Thursday, January 24, 2013

Torture doesn't work, in spite of what movies say



For years it’s been common knowledge that the CIA practices torture but won’t admit to it. Officials in the George W. Bush administration, notably Vice President Dick Cheney and CIA director Michael Hayden, have defended the use of torture in investigation of terrorists.
Then, on Dec. 13, 2012, the Senate Intelligence Committee approved a report concluding that “harsh interrogation measures used by the CIA did not produce significant intelligence breakthroughs,” writes Greg Miller in the Washington Post (Dec. 14, 2012).
The Democrats on the committee adopted the 6,000-page document over the objections of the committee’s Republicans (big surprise), even though the CIA’s use of water boarding and other severe interrogation techniques were banned four years ago.
The report is significant, nevertheless, because it is independent and details the agency’s efforts to “break” dozens of detainees through physical and psychological duress.
Some question the relevance of the report because, writes Miller, “the agency abandoned its harshest interrogation methods years before President Obama was elected, and the Justice Department began backing away from memos it had issued that had served as the legal basis for the program.”
Still, the report is important because it confronts a popular perception, predominant in many movies and TV shows, that such torture does produce helpful information. The recent film Zero Dark Thirty is a case in point.

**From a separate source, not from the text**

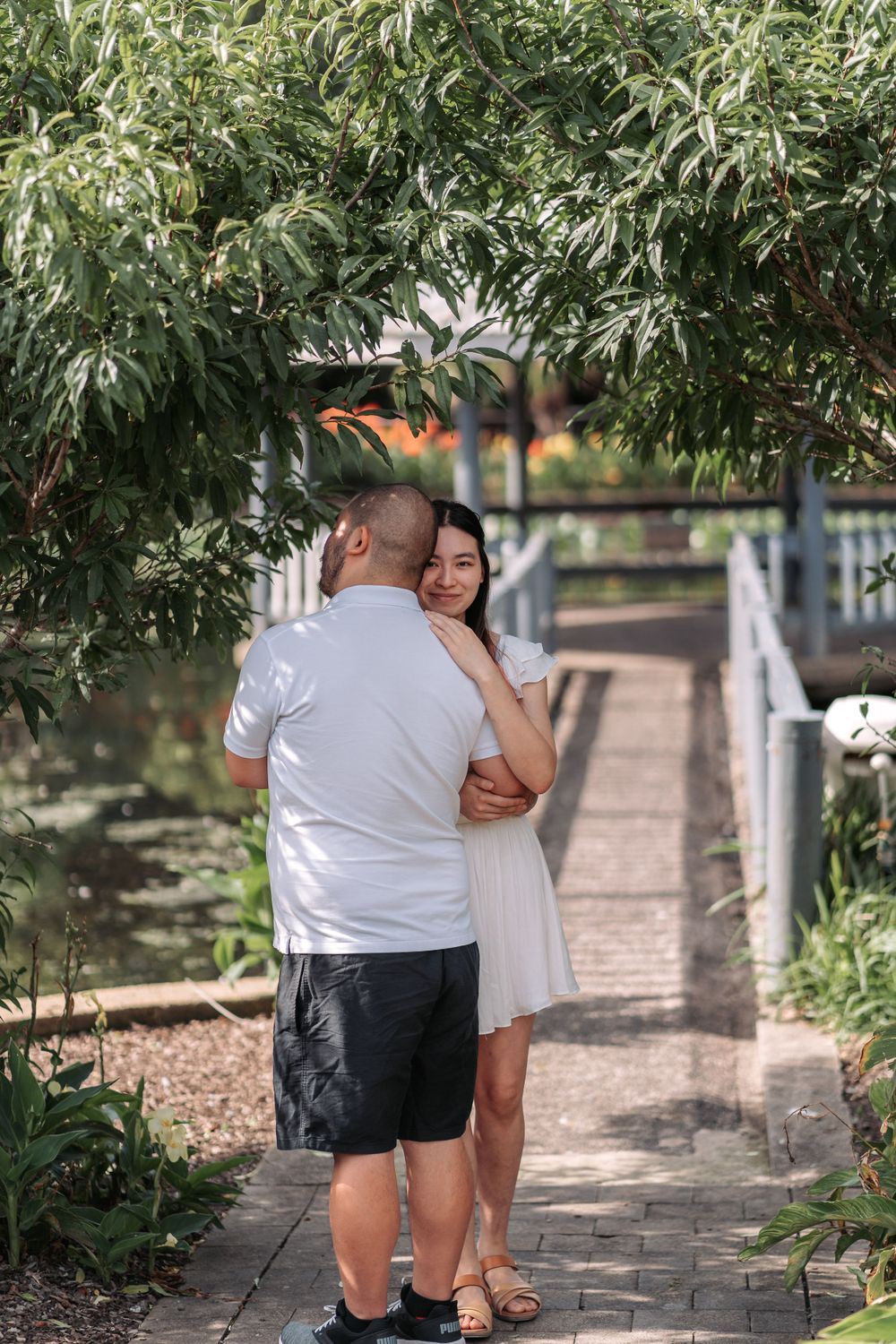A couple embraces on a garden path surrounded by overhanging trees and landscaping.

The film chronicles the decade-long hunt for Osama bin Laden after the September 2001 attacks and his death at the hands of the Navy S.E.A.L. Team 6 in May 2011. It shows torture in its graphic horror. Yet it also depicts CIA agents obtaining information from detainees who have been tortured, though the information comes when the detainees are being fed or treated kindly.

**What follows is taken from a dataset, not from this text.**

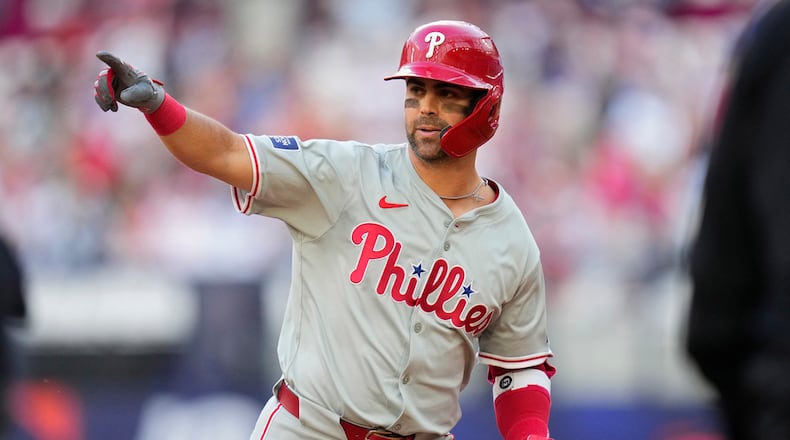 Philadelphia Phillies' Whit Merrifield celebrates after hitting a 3-run home run against the New York Mets during the fourth inning of a London Series baseball game in London, Saturday, June 8, 2024. (AP Photo/Kirsty Wigglesworth)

Steve Coll in the Feb. 7 issue of The New York Review of Books goes further and calls the film "disturbing" and "misleading." While acknowledging artistic license and the need to condense actual events, he says "the filmmakers cannot, on the one hand, claim authenticity as journalists while, on the other, citing art as an excuse for shoddy reporting about a subject as important as whether torture had a vital part in the search for bin Laden."
Evidence shows that useful information rarely comes from torture. Treating detainees kindly and building trust has been shown to be much more effective in obtaining accurate information. For example, read The Looming Tower: Al-Quaeda and the Road to 9/11 by Lawrence Wright (Knopf, 2006), which shows an FBI agent obtaining information after developing a relationship with a prisoner and gaining his trust.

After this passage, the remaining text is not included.